In the latest survey, 60 percent of the 225 CIOs polled said they had a positive or slightly positive view of the U.S. economy, up from 44 percent in the last survey, taken in November 2001. A total of 63 percent reported feeling positive about their own company's business prospects for the year ahead, up from 55 percent in November and a post-September 11 showing of 42 percent in October.
Inversely, 44 percent of the CIOs in January said that the slowing economy had prompted them to re-evaluate their company's IT budget, down from 67 percent in November.
Moreover, in a bit of news sure to warm the hearts of solution providers, the percentage of CIOs indicating that they would be increasing IT spending in 2002 rose from 31 percent in November to 40 percent in January. Also, 77 percent of the CIOs said they would begin new application projects in 2002, although this figure was up only 1 percent versus the reading of 76 percent in both October and November.

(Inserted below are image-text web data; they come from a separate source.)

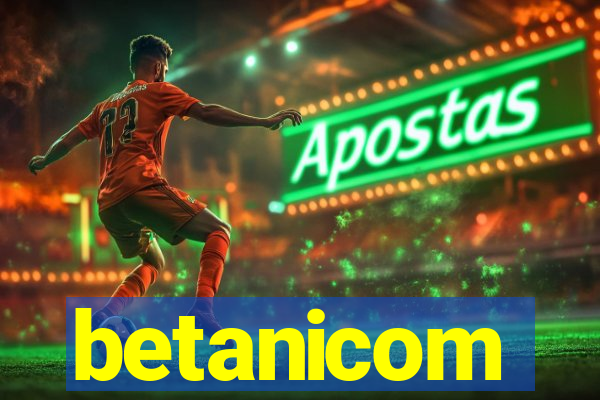 betanicom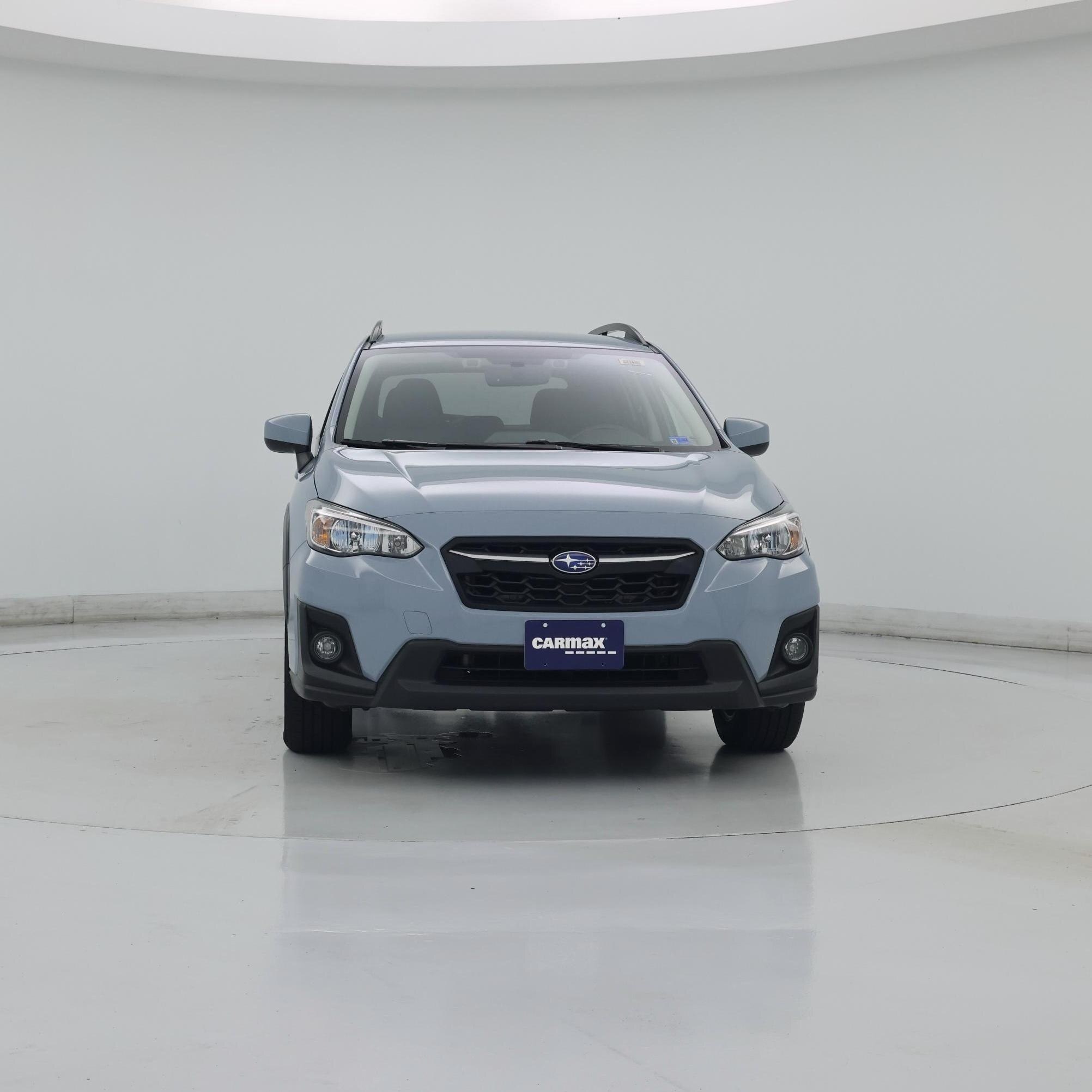 Thumbnail: 2019 Subaru Crosstrek - 5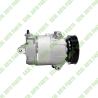 Buy cheap For Maserati Quattroporte GranTurismo Air Conditioning Compressor OEM 284728 from wholesalers
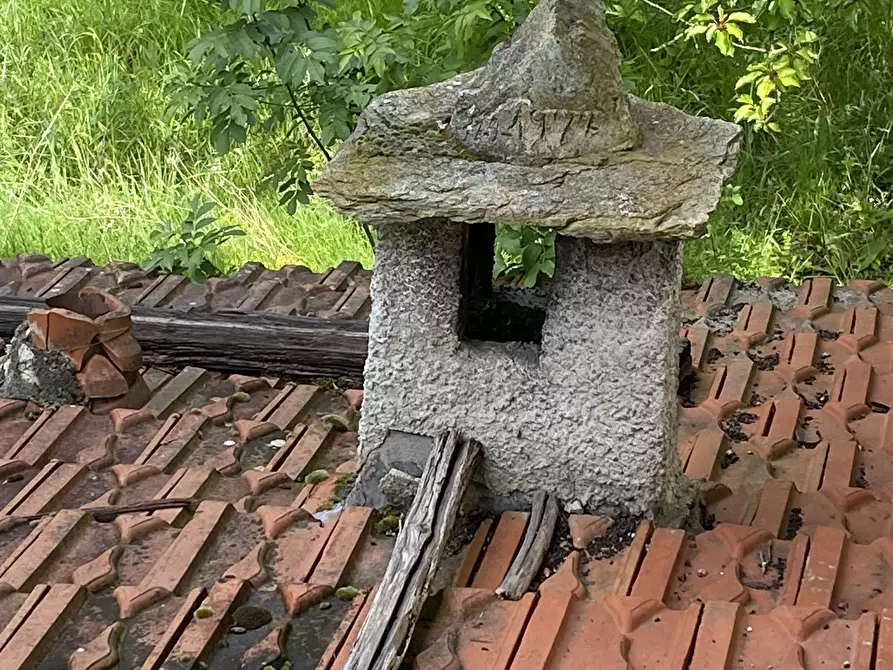 Immagine 21 di Casa indipendente in vendita  in Via Monterosso 11 a Tiglieto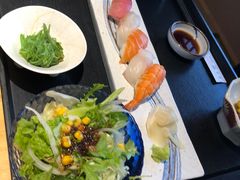 -琴寿司居酒屋(中山广场店)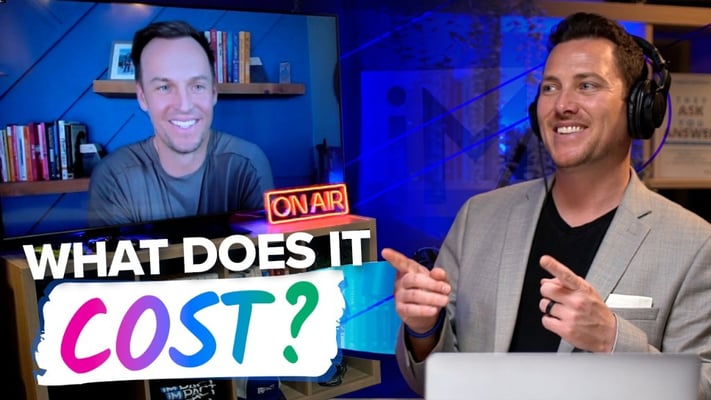 Is Hiding Your Prices Hurting Your Business? [Endless Customers Podcast Ep.19]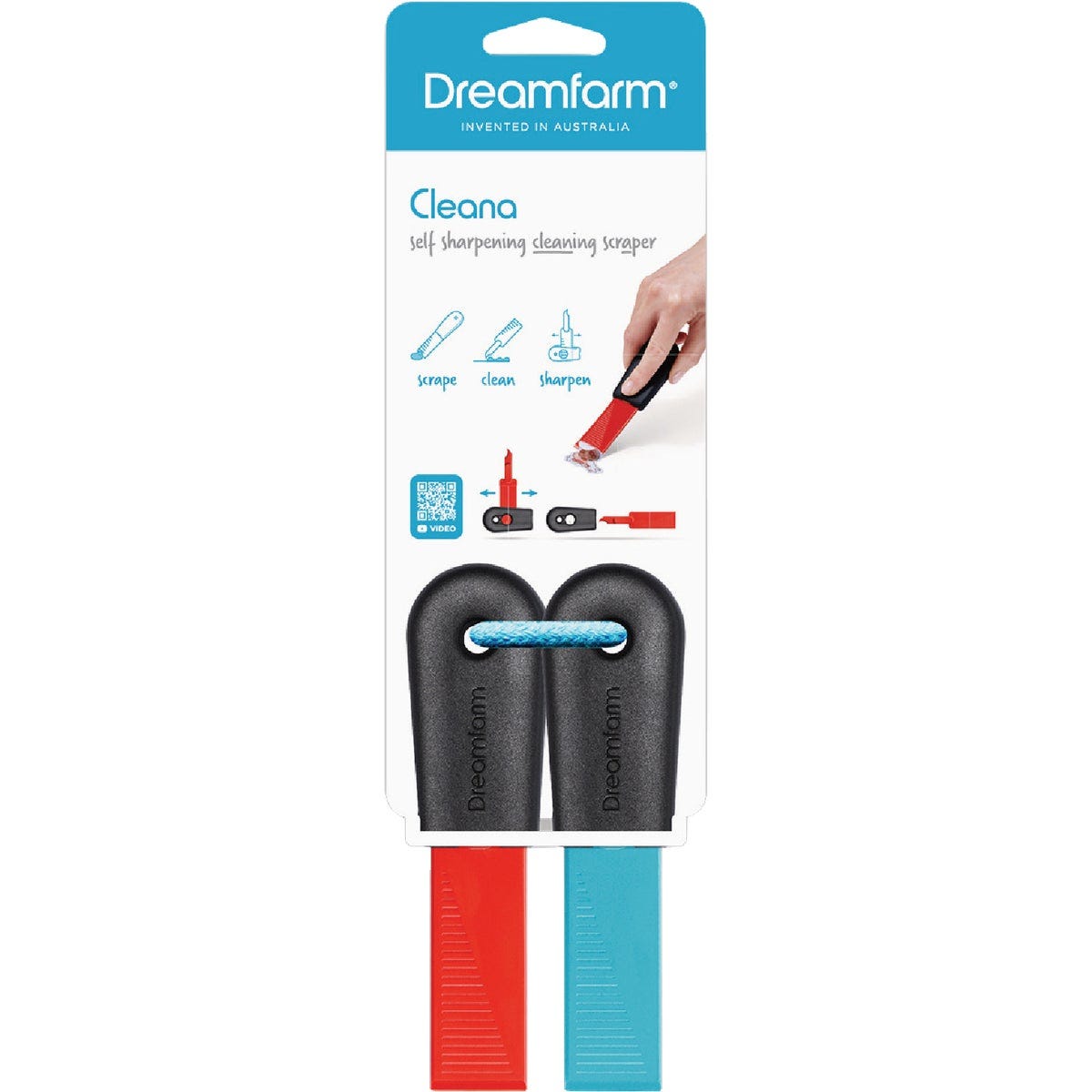 Dreamfarm Cleana (2-Pk.) - photo 2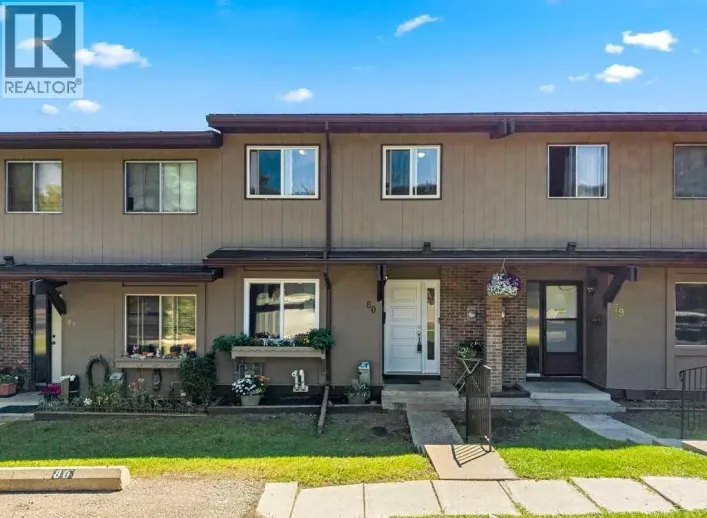 80, 1055 72 Avenue NW, Calgary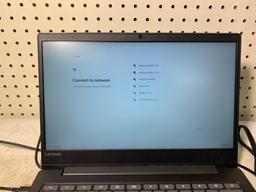 Lenovo Chromebook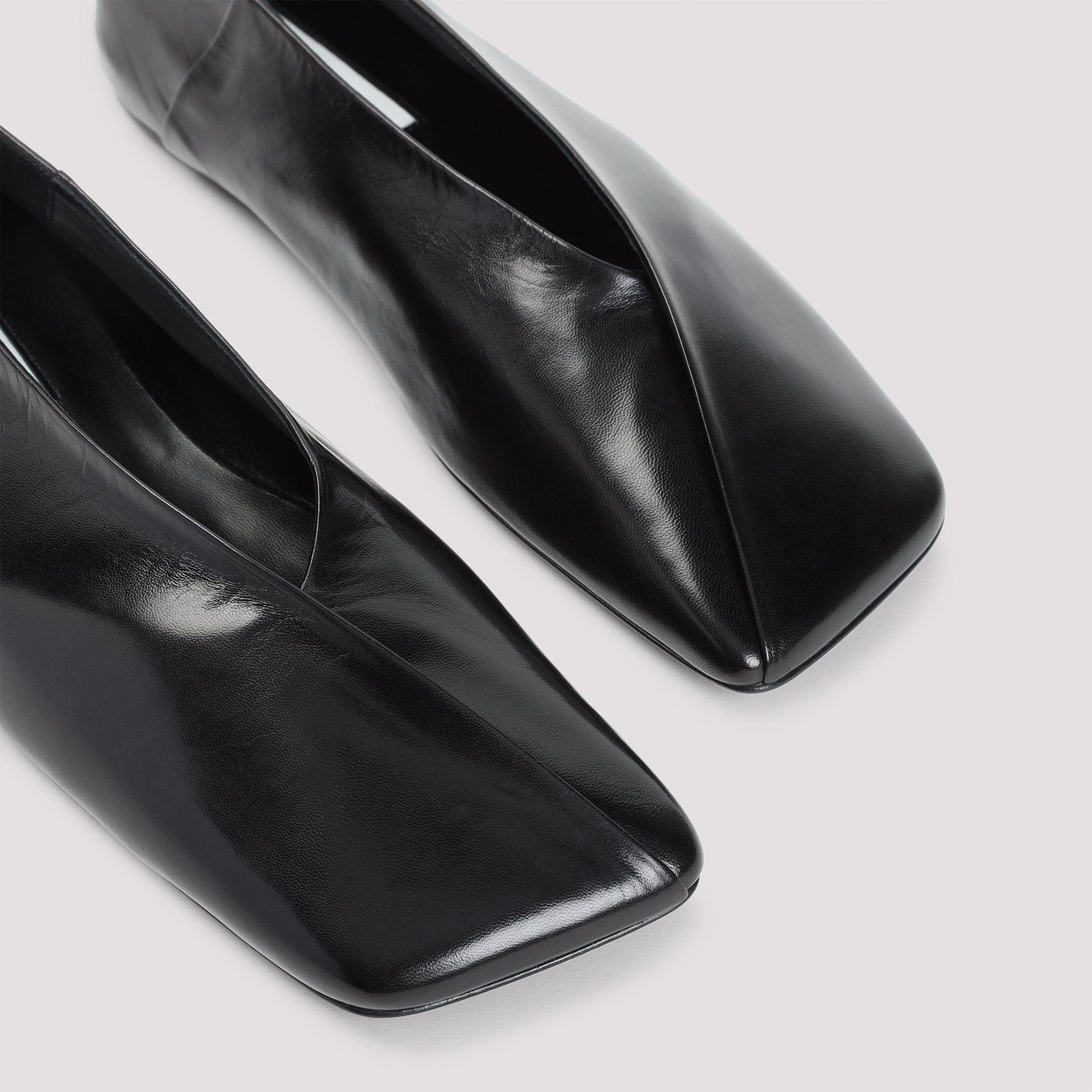J57WZ0001P4864001 (Jil Sander / フラットシューズ ) | Jil Sander (ジルサンダー)(5)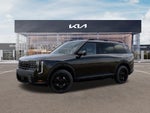 2027 Kia Telluride Hybrid X-LINE SX-PRESTIGE AWD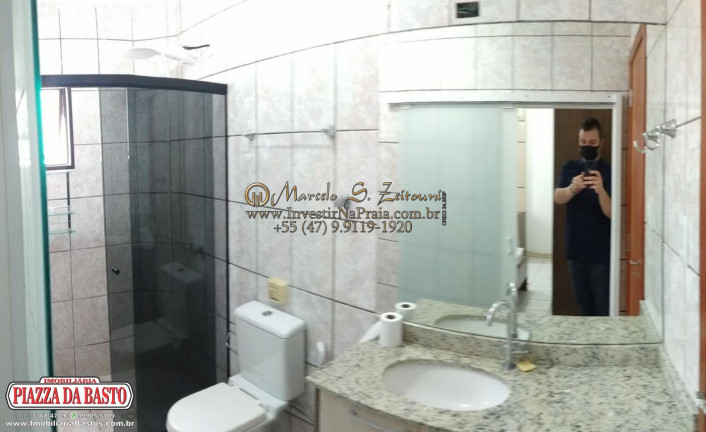 Imagem Apartamento com 4 Quartos para Alugar, 150 m² em Meia Praia - Itapema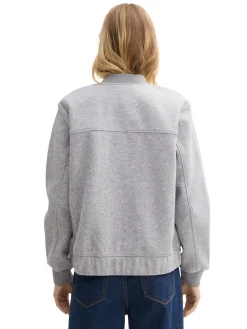 Damen Tom Tailor Denim Bomberjacke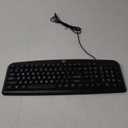 Easy-view Keyboard Clavier Vue-Facile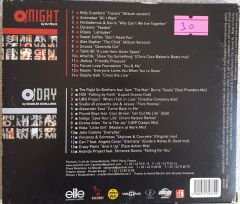 Elite Model'S Attitude CD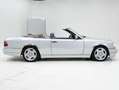 Mercedes-Benz E 36 AMG + Hardtop '95 CH22981 Silber - thumbnail 6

At the same time, the percentage of CIOs indicating they would not be spending more on technology products and services in 2002 than in 2001 edged up from 52 percent in November to 56 percent in January, while those uncertain about 2002 spending plans shrunk from 17 percent in November to 4 percent in January, indicating that more IT departments were finalizing their budgets for the year ahead.
Morgan Stanley further cautioned that IT spending this year looked to be more "back-end loaded," with 47 percent of the CIOs saying they expect to spend more in the second half of the year than in the first six months. This is compared to the 24 percent in the November survey who said they would spend more in the second half of 2001 than in the first half of that year). "This year is looking to be more back-end loaded as management wants to see how the economy plays out," the Morgan Stanley report suggested.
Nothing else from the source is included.